O procurador-geral da Flórida, James Uthmeier, disse na terça-feira que o estado iniciaria uma investigação criminal sobre a OpenAI e seu aplicativo de inteligência artificial ChatGPT em conexão com um tiroteio fatal na Florida State University no ano passado que matou duas pessoas.
Em abril do ano passado, um homem armado atirou em duas pessoas e feriu outras seis na Florida State University. Mais tarde, ele foi morto pela polícia e levado ao hospital. O suspeito foi acusado de múltiplas acusações de homicídio e tentativa de homicídio.
“O chatbot teria avisado ao atirador qual arma usar, qual munição era adequada para qual arma e se a arma era eficaz de perto”, disse Usmail em entrevista coletiva. “Se a pessoa do outro lado da tela fosse uma pessoa real, nós a acusaríamos de assassinato”.

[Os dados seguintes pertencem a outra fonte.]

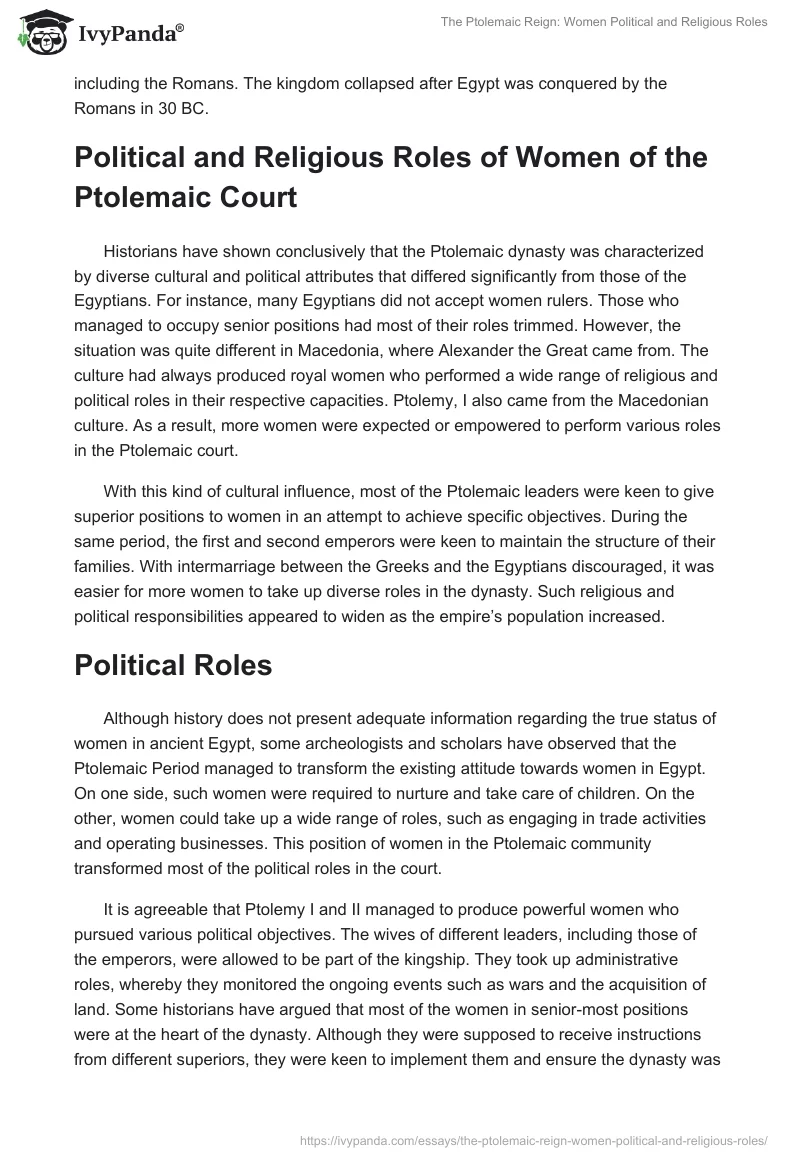 The Ptolemaic Reign: Women Political and Religious Roles. Page 2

O escritório de Usmail disse que a investigação determinará “se a OpenAI é criminalmente responsável pelas ações do ChatGPT no tiroteio”.
O Ministério Público da Flórida emitiu uma intimação à OpenAI, solicitando algumas informações e registros.
Um porta-voz da OpenAI disse que o tiroteio foi uma tragédia, mas a empresa não assumiu qualquer responsabilidade. Depois de saber do incidente, a OpenAI identificou uma conta ChatGPT que se acredita estar associada ao suspeito e “compartilhou proativamente essas informações com as autoridades policiais”, disse o porta-voz.
“Neste caso, o ChatGPT forneceu respostas baseadas em fatos a perguntas que estavam amplamente disponíveis em recursos públicos na Internet e não encorajou ou promoveu qualquer comportamento ilegal ou prejudicial”.